Et puis il y avait les retours attendus. Ron Rash et son Chant de la Tamassee, toujours aussi subtil et beau, tout comme Tim Gautreaux et Fais-moi danser Beau Gosse, poignante fresque familiale dans la Louisiane dévastée des années suivant le choc pétrolier, tous les deux au Seuil. On attendait aussi impatiemment le nouveau Giancarlo de Cataldo. Il est arrivé, coécrit avec Carlo Bonini, et n'a pas déçu : Subbura, et sa suite Rome brûle, aux éditions Métailié, dressent un portrait pour le moins baroque de la pègre et de la classe politique romaines des années Berlusconi et suivantes, où tout change sans que rien ne change vraiment. Bien entendu, le plus attendu des romans noirs de l'année était Cartel, de Don Winslow (Seuil), suite du culte La griffe du chien.
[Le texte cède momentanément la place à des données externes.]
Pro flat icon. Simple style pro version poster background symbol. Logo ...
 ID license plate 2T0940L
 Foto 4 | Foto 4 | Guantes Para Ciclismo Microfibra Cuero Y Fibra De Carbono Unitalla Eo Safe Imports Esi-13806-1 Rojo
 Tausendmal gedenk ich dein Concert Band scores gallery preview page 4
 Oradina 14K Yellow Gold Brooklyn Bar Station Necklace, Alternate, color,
Attendu et redouté tant Winslow semblait s'égarer de plus en plus dans des romans sans consistance depuis quelques temps. S'il ne surprend pas, il ne déçoit pas non plus et livre là un sacré bouquin, imposant et saisissant.
Pour en finir avec les romans marquants de cette année, une lecture bien tardive d'un vieux livre des éditions Rivages : Les enfants de Dracula, de Richard Lortz. S'il n'est plus disponible aujourd'hui, il est trouvable d'occasion et je ne peux que vous inciter à vous le procurer. C'est un petit chef-d'œuvre du genre, et un livre qui vous poursuit longtemps après.
Marquants aussi, mais pour d'autres raisons, Bull Mountain, de Brian Panovitch, chez Actes Sud, banale resucée des thèmes du roman "rural" tel que portée par Woodrell qui semble avoir été écrit avec un manuel du parfait écrivain. Ça manque cruellement d'âme malgré un départ prometteur. Pukhtu Secundo, de DOA (Série Noire), enfin. Attendu après un premier volume très réussi, ce roman s'embourbe dans des histoires peu crédibles avec d'assez dérangeants portraits de femmes, éternelles victimes, incapables d'écouter les hommes, ce qui, les mène bien entendu à leur perte.
Voilà donc le - long - bilan de l'année, sans préjuger d'ailleurs des livres sortis en 2016 et que je n'ai pas encore eu l'occasion de lire. En attendant, meilleurs vœux de bonnes lectures pour 2017.